To see how warm sea surfaces can affect such a storm, review this vid from 2005 of Katrina. Watch as the storm crosses florida as a category 1, weakens, and then explodes into a Cat 3-5 as it busts out into the then-record warm waters of the Gulf.

More Katrina/Nasa pics here.

Climate Central:

The question: is this weather disaster caused by climate change?

Wrong question.

Here’s the right question: is climate change making this storm worse than it would have been otherwise?

Answer: Absolutely

For one thing, sea-surface temperatures in the Atlantic Ocean are higher now than they used to be, thanks to global warming, and ocean heat is what gives hurricanes their power. All other things being equal, a warmer ocean means a more powerful storm. It’s hard to say that all other things are exactly equal here, but it’s certainly plausible that Irene would have been a little weaker if precisely the same storm had come through, say, 50 years ago.

What we know for sure, however is that thanks largely to climate change, sea level is about 13 inches higher in the New York area than it was a century ago. The greatest damage from hurricanes comes not from high winds and torrential rains — although those do cause a lot of damage. It’s from the storm surge, the tsunami-like wall of water a hurricane pushes ahead of it to crash onto the land. It was Hurricane Katrina’s storm surge, not the wind or rain, that destroyed New Orleans back in 2005.

With an extra foot of sea level to start with, in other words, Irene’s storm surge is going to have a head start. And climate change is a big part of the reason why.

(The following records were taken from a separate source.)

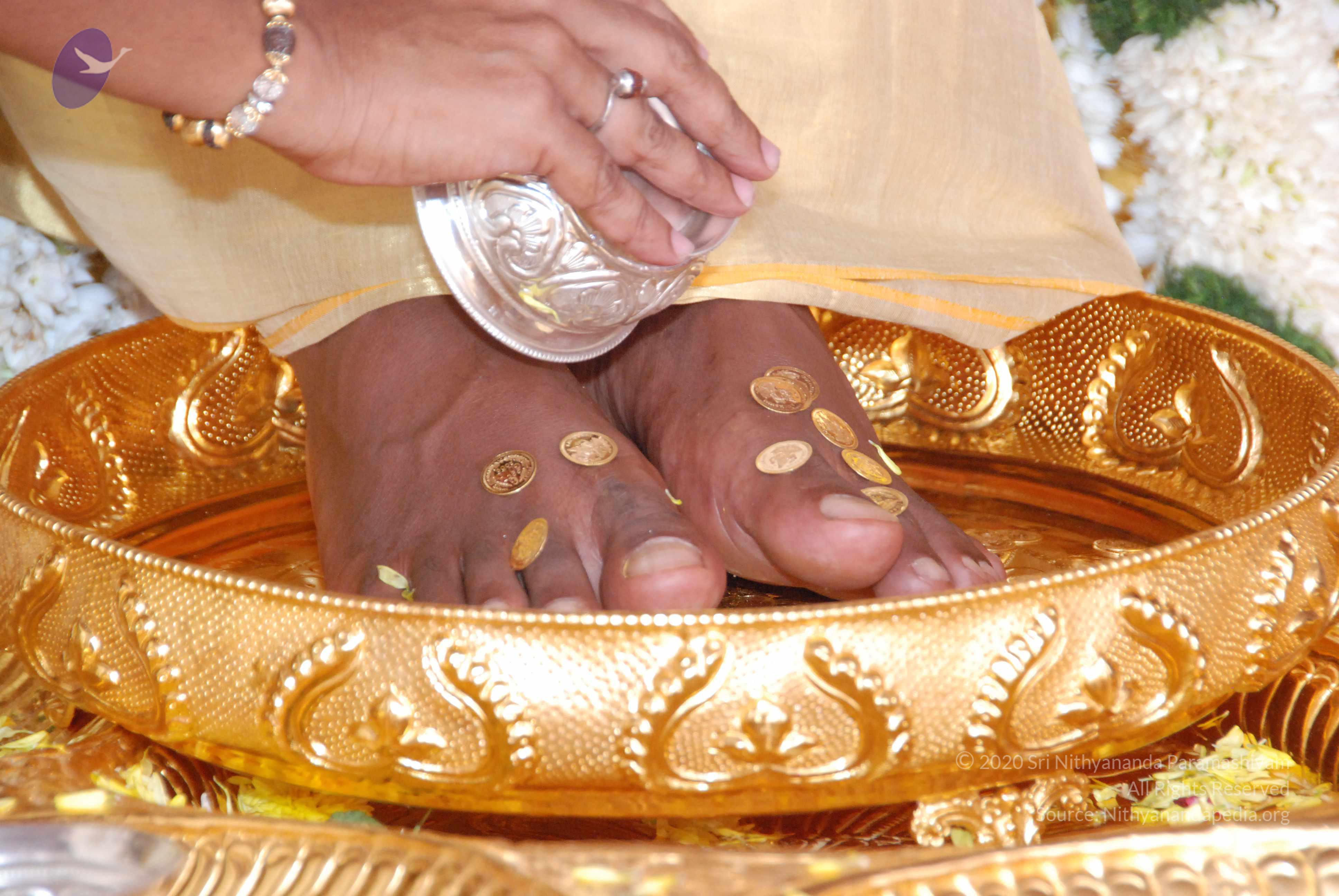 20100101_Photo_1061_DSC_2136_CMP_WM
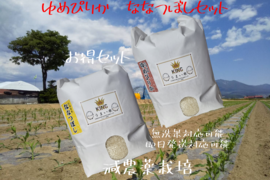 富良野令和7年産ゆめぴりか、ななつぼし【5kgセット】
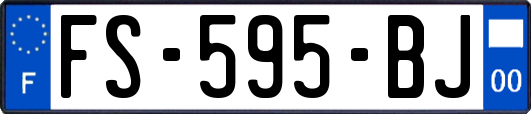 FS-595-BJ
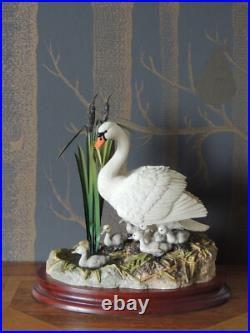 Border Fine Arts Swan and Cygnets Sculpture First One In by Ray Ayres 1997
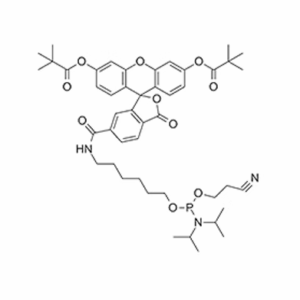 5'-Fluorescein Phosphoramidite (6-FAM)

12 Good Ways to Track Irene here.

NASA Hurricane Central

Live Hurricane Cam in Downtown Manhattan

One thought on “That’s One Big Storm. Did Climate Change make it Bigger?”

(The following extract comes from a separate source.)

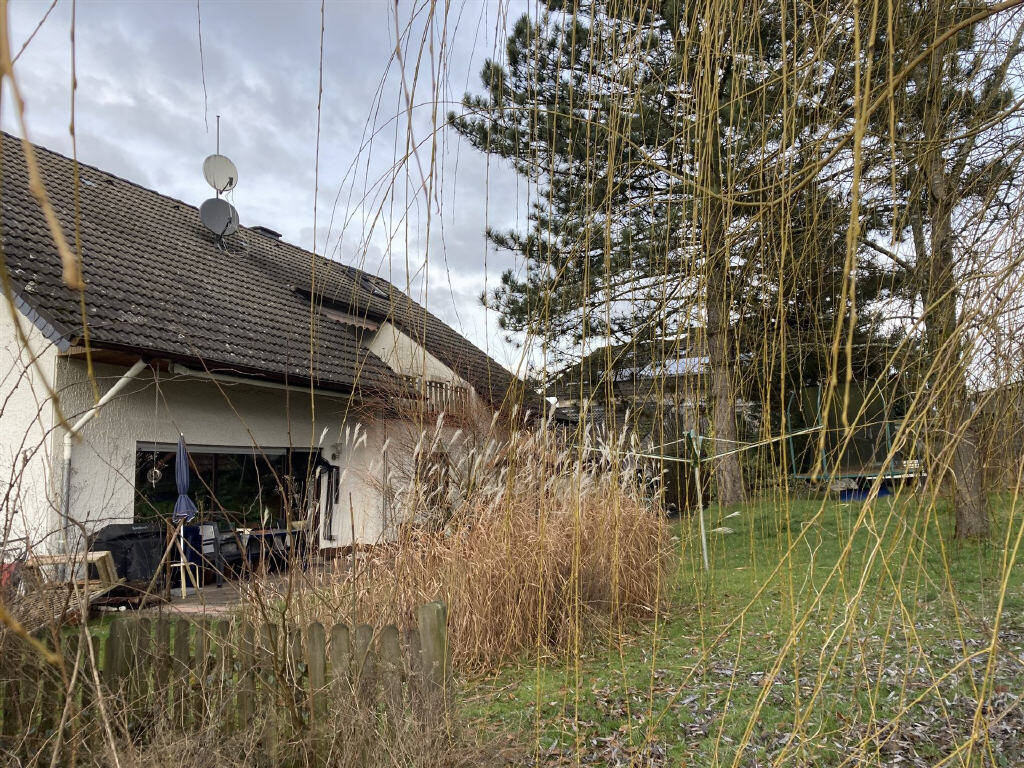 Bild1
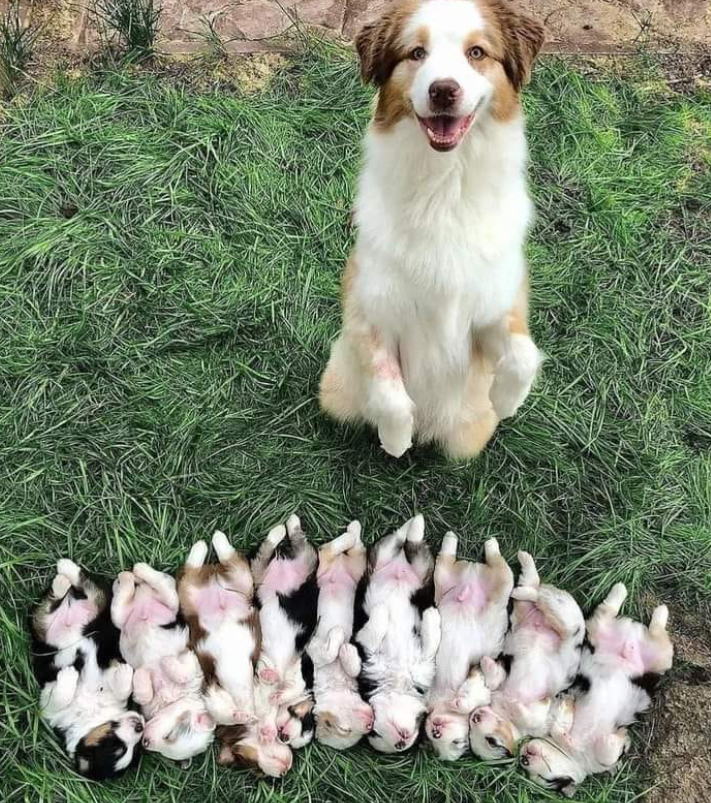 Best in Dogs tweet media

  1. 1. You say, “What we know for sure, however is that thanks largely to climate change, sea level is about 13 inches higher in the New York area than it was a century ago.” If by “climate change” you actually mean “anthropogenic CO2-driven climate change,” then what you said isn’t even close to true.

    The average rate of coastal sea level rise has actually slowed slightly in the last 75 years. Numerous studies have confirmed that fact, and even the alarmist IPCC’s TAR admitted the “observational finding of no acceleration in sea level rise during the 20th century.”

    Sea level, as measured by the tide gauge at The Battery, NYC, is rising at 2.77 mm/yr (10.9 inches/century), a rate which hasn’t changed in more than a century; you can see it graphed here:
    http://tidesandcurrents.noaa.gov/sltrends/sltrends_station.shtml?stnid=8518750

    Because the rate is essentially unchanged from 100 years ago, it is clear that the rise in sea level is not caused by CO2-driven anthropogenic climate change. The current rate of sea level rise preceded significant human contributions to atmospheric CO2.

    What’s more, in that area, the land is subsiding. (That’s not surprising: the crust of the earth is a thin layer on top of a big blob of magma, which is SLOSHING.)

    According to Peltier’s VM4 GIA model, New York is subsiding at an estimated rate of 0.85 mm/year:
    http://www.psmsl.org/train_and_info/geo_signals/gia/peltier/drsl.PSMSL.ICE5G_VM4_L90.txt (see station 960121)
    According to Peltier’s GIA VM2, it is subsiding at an estimated rate of 1.64 mm/year:
    http://www.psmsl.org/train_and_info/geo_signals/gia/peltier/drsl.PSMSL.ICE5G_VM2_L90.txt

    That land movement results in apparent sea level rise which has nothing to do with warming, whether natural or anthropogenic, and it accounts for between 30% and 60% of the 10.9 inches of sea level rise over the last century at New York.

    2. There’s no sign that hurricanes and other major weather events are getting larger or more frequent. Note that this is the first hurricane to hit the USA in nearly 3 years, and it went ashore as a mere category 1 storm.